No se había visto nunca en Puerto Rico un ambiente de tanta competencia como el del mercado de la droga ilícita. Hay docenas de centros de compra de mercancía en cada pueblo, celosamente protegidos por sus administradores. Debido a que hoy se producen muchas más armas que a principios del siglo veinte, este tráfico ilegal parece ser más violento que el que caracterizó la época de la prohibición del alcohol en los Estados Unidos. La violencia obviamente la protagonizan jóvenes que han desarrollado conciencia de lo que le corresponde hacer (¿su responsabilidad?) para proteger su empleo y el de la cadena de personas que toman parte en un esquema en el que ellos desempeñan un rol estelar.

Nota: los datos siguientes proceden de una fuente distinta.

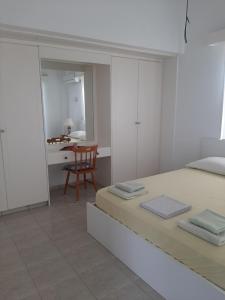 a white bedroom with a bed and a table at Pangeras Apartments in Pissouri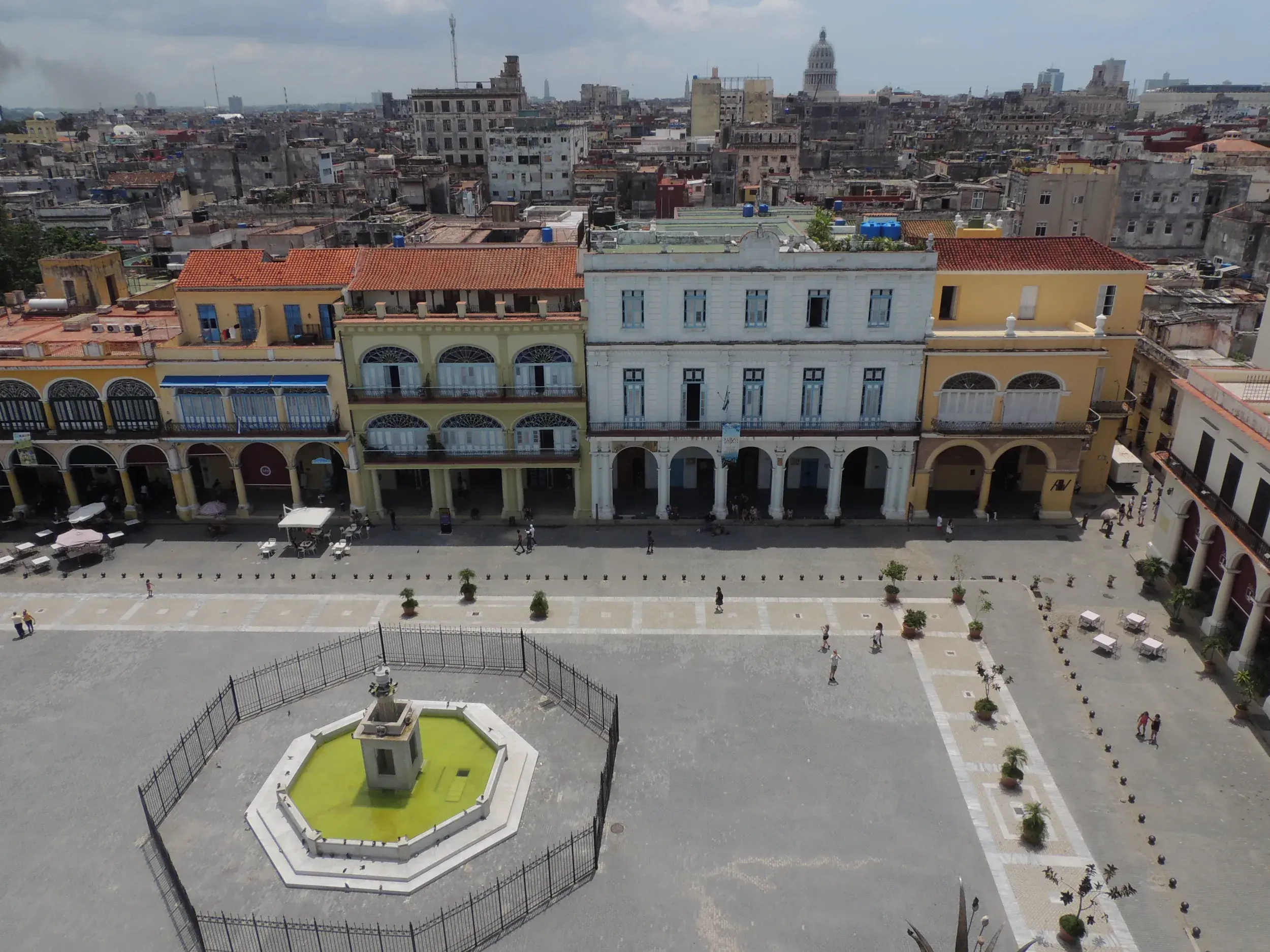 Blick von oben auf die historische Plaza Vieja in Havanna, umgeben von farbenfrohen Kolonialbauten des UNESCO-Weltkulturerbes.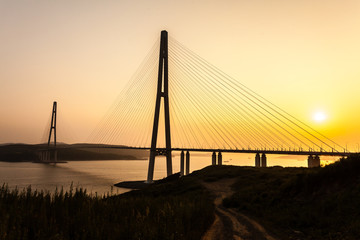 Cable-stayed bridge "Russky Bridge" to island Russkiy on the sunset. Vladivostok, Primorsky Krai, Russia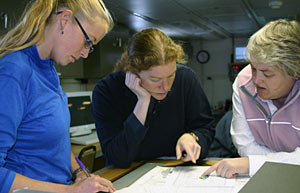 From left, doctoral students Kris Ludwig and Deb Glickson, with Chief Scientist Deb Kelley, discuss seafloor maps they are making of the Main Endeavour hydrothermal vent field. 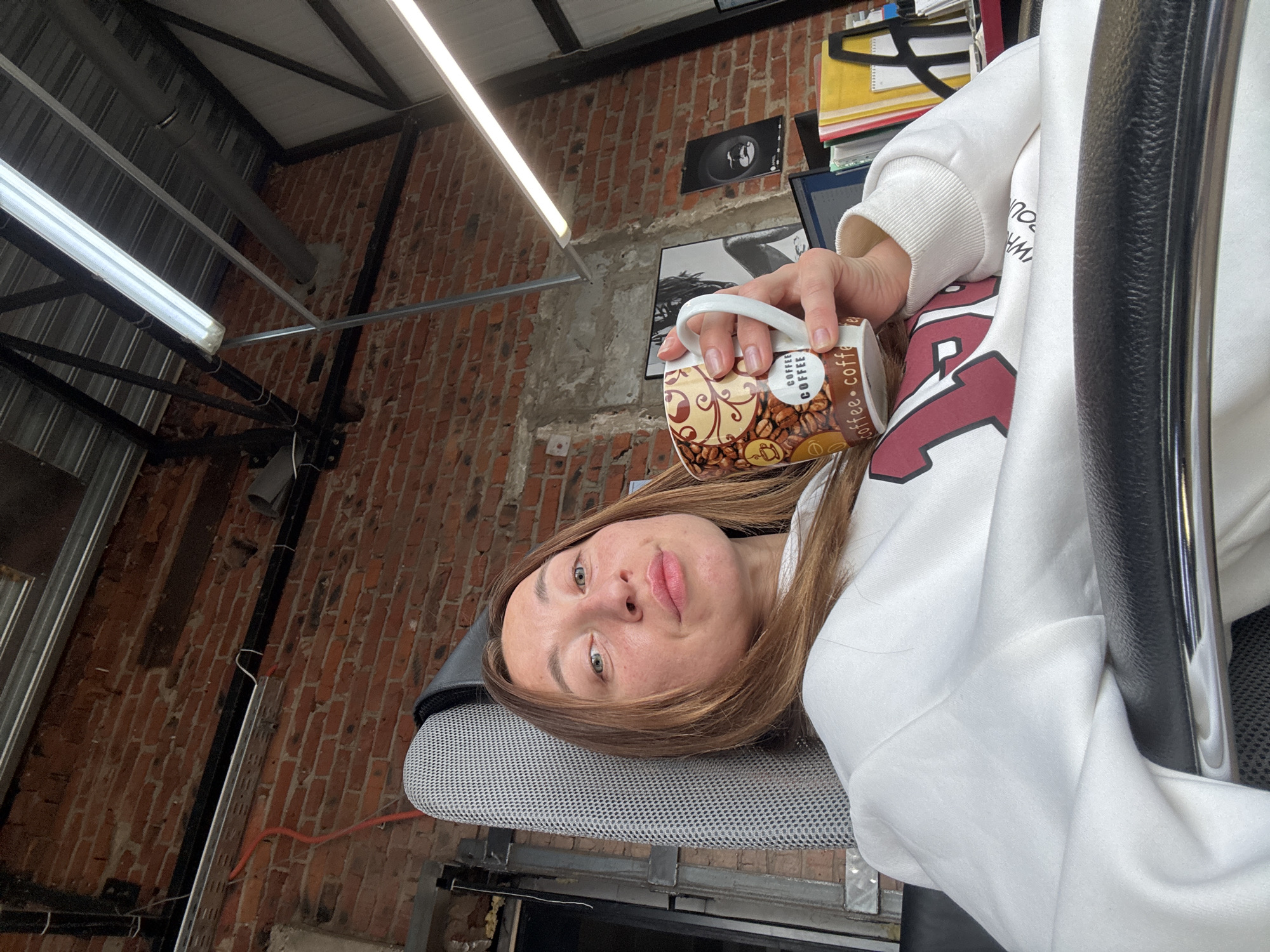 The image shows a woman sitting in an office chair, holding a coffee mug with coffee bean designs and the word "COFFEE" printed on it. She is wearing a white sweatshirt with red lettering on the front. The office has a brick wall, and the ceiling is exposed with metal beams and fluorescent lights. There is a monitor and other office items in the background, including a stack of papers in a yellow folder. The chair is gray with a black frame. The photo appears to be taken at an angle from above. The specific location of this scene is not mentioned.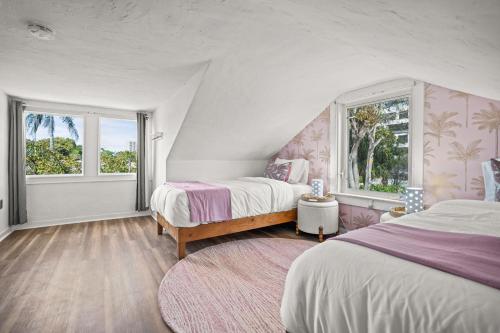 a bedroom with two beds and two windows at Heated Pool Grill Fire Pit & Cold Plunge Sleeps 8! in West Palm Beach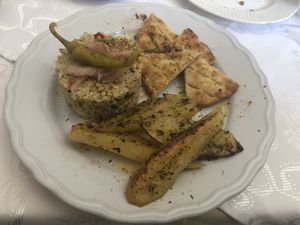Potatoes, pita bread, and some sort of off the menu dish with couscous, split peas, and peppers. 😋 at Candouni in Santorini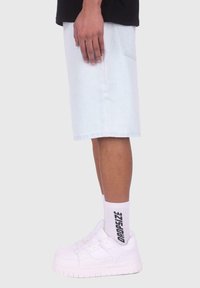 Light blue denim shorts with a straight cut, paired with white sneakers and white socks featuring black text. Simple design and casual fit.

Los jóvenes involucrados participan en una dinámica económica en la que comparten una cultura, un ethos, de negocios que no es muy diferente al que ha tenido lugar en tantos sitios en los que los gobiernos se han visto obligados a intervenir con el objetivo de regular la competencia. No se puede olvidar cómo es que los seres humanos, como bandas, tribus, clases sociales o países hemos pugnado a través de la historia por riquezas, sean extensiones de tierra, bienes de la naturaleza, instalaciones y las múltiples manifestaciones del valor dinero. Hemos buscado controlar estas y tantas otras cosas más por razones obvias. Lo que se ha llamado en inglés el “Wild West” y entre nosotros el Viejo Oeste es más que una caricatura; lo mismo lo que se ha escrito y filmado sobre el modo en que la Mafia resuelve sus disputas. Si lo que se conoce como el Mediano Oriente ha servido de escenario a tanta guerra en el último siglo no se debe a la casualidad. Huelga señalar que la historia humana se ha caracterizado por sus conflictos violentos.

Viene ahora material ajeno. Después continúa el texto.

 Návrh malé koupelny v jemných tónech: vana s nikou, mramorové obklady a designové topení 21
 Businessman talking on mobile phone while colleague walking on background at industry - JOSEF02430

Perdemos de vista que es así como nos desenvolvemos en ambientes de competencia dura en los que no se ha desarrollado todavía una instancia que haga todo lo posible por adjudicar justamente los conflictos que produce el antagonismo inmisericorde de quienes desean enriquecerse a toda costa. Naturalmente, quedamos escandalizados cuando es en el vecindario que se da el asesinato, o cuando se trata de un joven conocido que apenas ha alcanzado la adolescencia el que muere, o cuando se trata del asesinato de inocentes. Pero son igualmente censurables cuando se dan lejos de nuestro vecindario, cuando no los conocemos o cuando existe la posibilidad de que no sean tan inocentes.

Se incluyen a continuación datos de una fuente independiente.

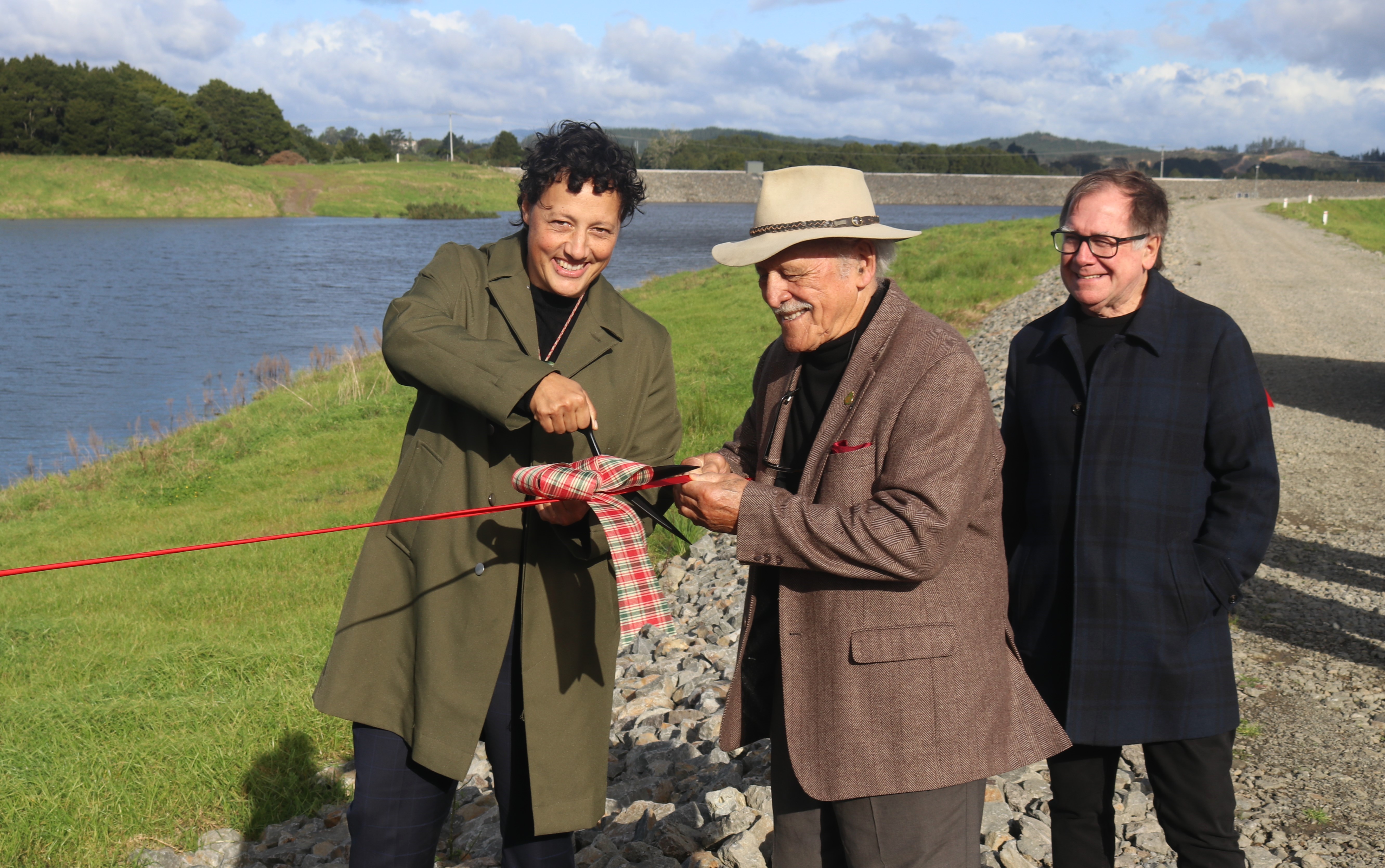 Regional Development Minister Kiritapu Allan cuts the Matawii Dam ribbon while Te Tai Tokerau Water trustee Dover Samuels lends a hand and trust chairman Murray McCully watches on. Photo / Peter de Graaf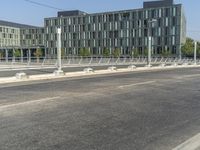 a bench is sitting in the middle of the road next to a highway with traffic lights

Sin embargo, pretender que se trata de una crisis de valores cuando a través de los tiempos ha sido este el modus operandi de dinámicas económicas que no han sido atendidas debidamente por aquellos que podrían intervenir para resolverlas, es engañarnos. No se trata de crisis de valores. Esta criminalidad nuestra parte de los valores que llevan prevaleciendo demasiado tiempo. Ella ilustra con mayor claridad cómo es que valoramos. A través de ella es que nuestros valores han llegado hasta sus últimas consecuencias. No atraviesan ninguna crisis, no; lo que han hecho es alcanzar su punto culminante.
Igualmente, los asesinatos de parejas llevan hasta sus últimas posibilidades la antigua golpiza. Los hombres continuamos creyendo que las mujeres son posesiones nuestras y por ello creemos que podemos tratarlas como nos plazca. Continuamos sosteniendo los mismos valores, pero en vez de utilizar la bofetada y el puño nos valemos del arma de fuego. Si antes no morían no era porque no se hubiera intentado matarlas; es que con el puño y la bofetada no se podían asesinar tan fácilmente.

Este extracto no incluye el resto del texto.